If your service layer is just an architectural boundary between layers in your own project, and the service client is within the same trust realm, then it is ok to relax things, and let unchecked exceptions bubble out to the controller layer, or the service client.
However, for public facing code; service that are consumed by a third party or customer, I think it is cleaner to wrap any unchecked exceptions with a service oriented exception, primarily for security concerns, secondly for loose coupling, and clean abstraction.
A data layer exception should never, directly make it all the way to an end user of a web application. It potentially contains internal information about your schema, your queries, line number information, variable or function names, etc. End user exceptions can be sanitized in a secure setting.
An external service client isn't concerned with your implementation detail, and can't handle unchecked exceptions anyway, as they are bug or environmental issues. In secure applications, database errors are simply not secure enough to propagate, OracleException - ORA-01234 - ...

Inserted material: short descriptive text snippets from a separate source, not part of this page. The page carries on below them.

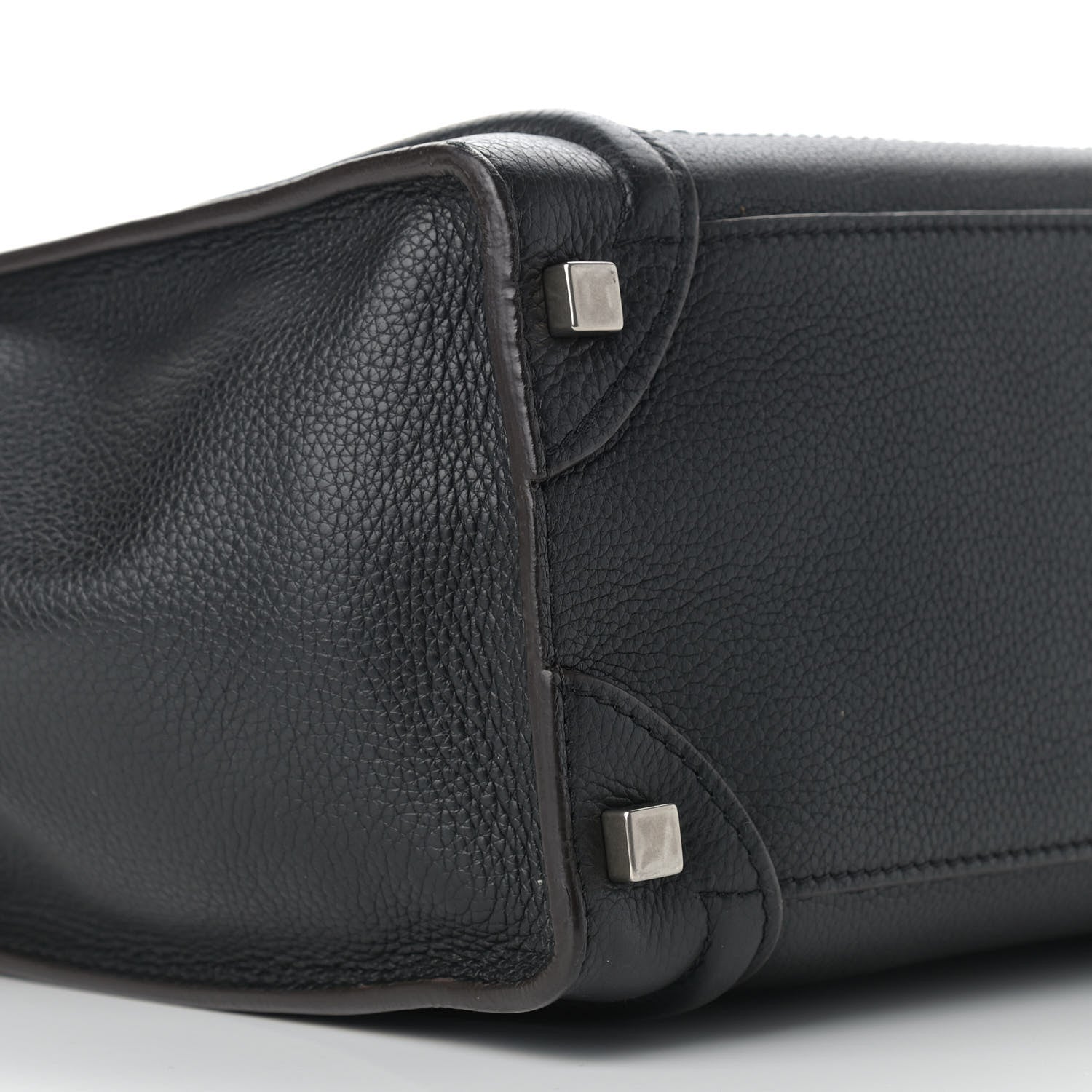 Celine Drummed Calfskin Micro Luggage Black 5 of 11
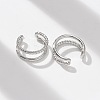 Brass Cuff Earrings EJEW-I249-16P-1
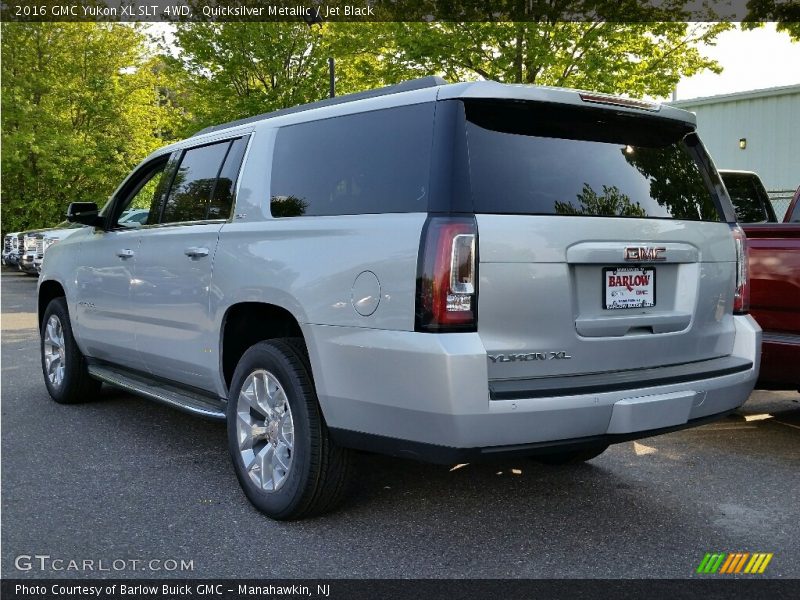 Quicksilver Metallic / Jet Black 2016 GMC Yukon XL SLT 4WD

which might be the 3rd table that was inserted. The client should be allowed to deal with any checked/expected exceptions that it can handle, and treat everything else as a potential bug report. Your service contract should be an atomic, consistent, transactional abstraction. If it can't do anything about the exception, then the only useful thing left is to give you a bug report. You already have the ability to log the exception, so why burden your end user with the details? Your app can be monitored, so you already know about the unchecked exceptions before the users report them.
It is never ok to eat exceptions, nor am I a fan of checked exceptions, but I prefer to have a plan that is appropriate for the nature of the overall product.